Tuesday, February 19, 2013

Oscars 2013: Frankenweenie

 
Frankenweenie (U.S., 2012) directed by Tim Burton,
Nominated for One Oscar
Best Animated Feature Film 

What a strange and brilliant creature Tim Burton is. The coupling of the dark but campy imagery in his animation and an inherent understanding of one's childhood fears and anxieties often disarm the film goer.

The story of Victor's efforts to resuscitate his beloved dog Sparky after a car accident by giving him jolts of electricity is both poignant and bizarre - two qualities that might describe Burton's artistic efforts in general.
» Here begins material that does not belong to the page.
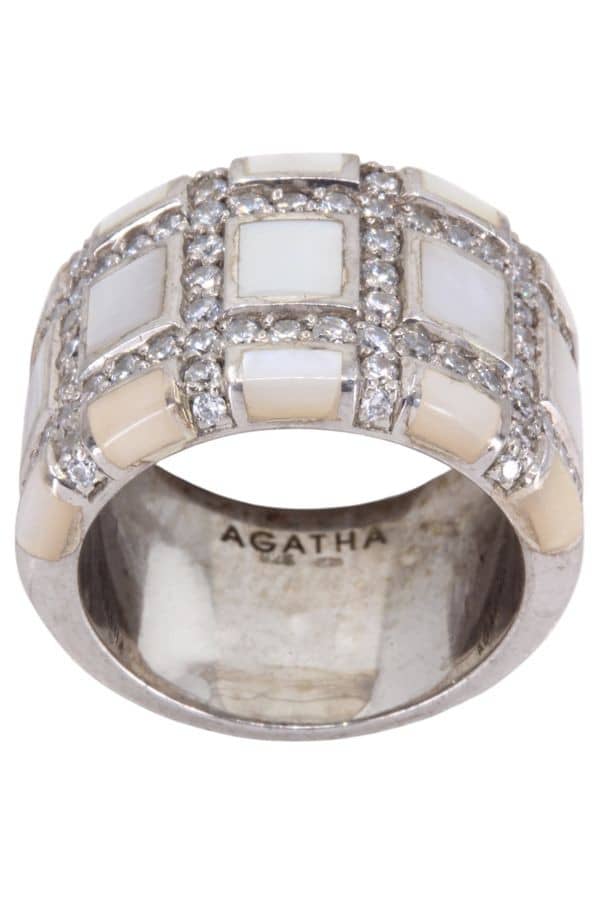 AGATHA SILVER RING, photo 1 of 2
Victor, a scientific grade school prodigy, literally raises Sparky from the dead through an ingenious experiment. I came upon this historical fact by chance in a recent review of a book about Mary Shelley, the creator of the novel Frankenstein:

In a classic late-18th-century experiment, the Italian physiologist Luigi Galvani hung dead frogs from his balcony during a thunderstorm. The animals were impaled on metal hooks intended to attract an electric charge as the storm flashed its way across town. In response to a lightning strike or a boom of thunder, 'their legs twitched in a way that made them seem as if they were ready to hop off the balcony and into the streets below.'

There are the requisite villains - a sour-faced neighbor who is also the mayor (voiced by Martin Short who also voices the role of the father), treacherously jealous schoolmates who envy Victor's brilliance and try and steal his experiment for a school science fair; sheep-like townspeople who will quickly pick up a torch and a pitchfork to chase away an "alien" presence in their midst. Of course, this is a great spoof of the Frankenstein mythology and it almost succeeds. 
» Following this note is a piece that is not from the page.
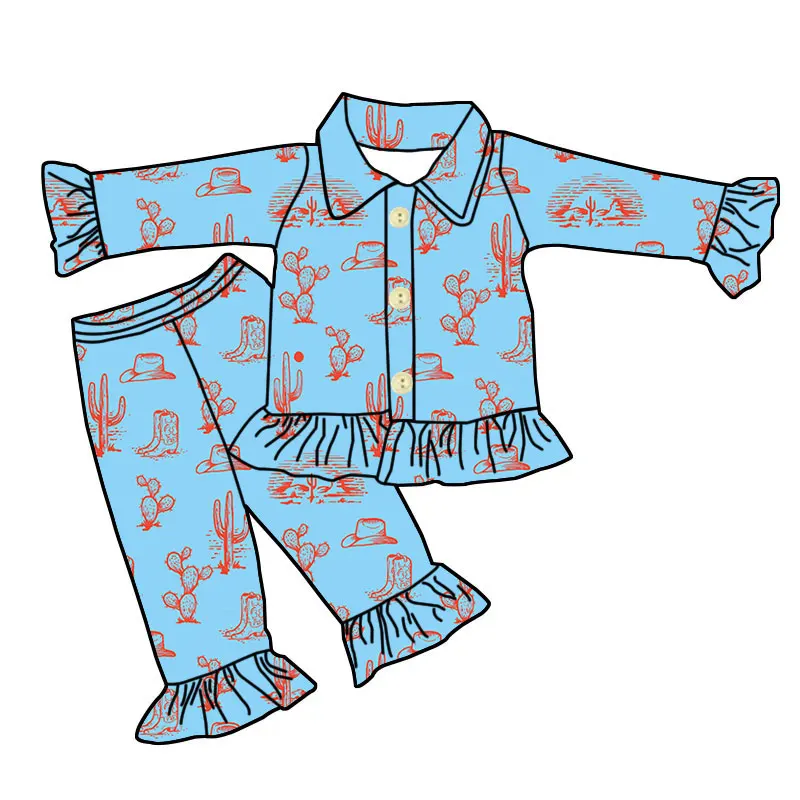 Adorable custom bamboo kids' pajamas in vibrant designs, perfect for B2B wholesale buyers seeking sustainable and stylish children's clothing.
But I find the animation, in general, curiously lacks emotion with the characters having limited expressions and movements (perhaps this was consciously done by Burton). All the female romantic leads in his work seem to resemble Burton's celebrated actress wife Helena Bonham Carter (and sometimes Winona Ryder, another Burton favourite), with their jet black hair, enormous eyes, weird intensity and pale faces. 

I won't say I wasn't taken with the irrepressible joy of Victor and Sparky but you do wish that Burton might perk up at times and that not every story should have such a bleak perspective on human nature.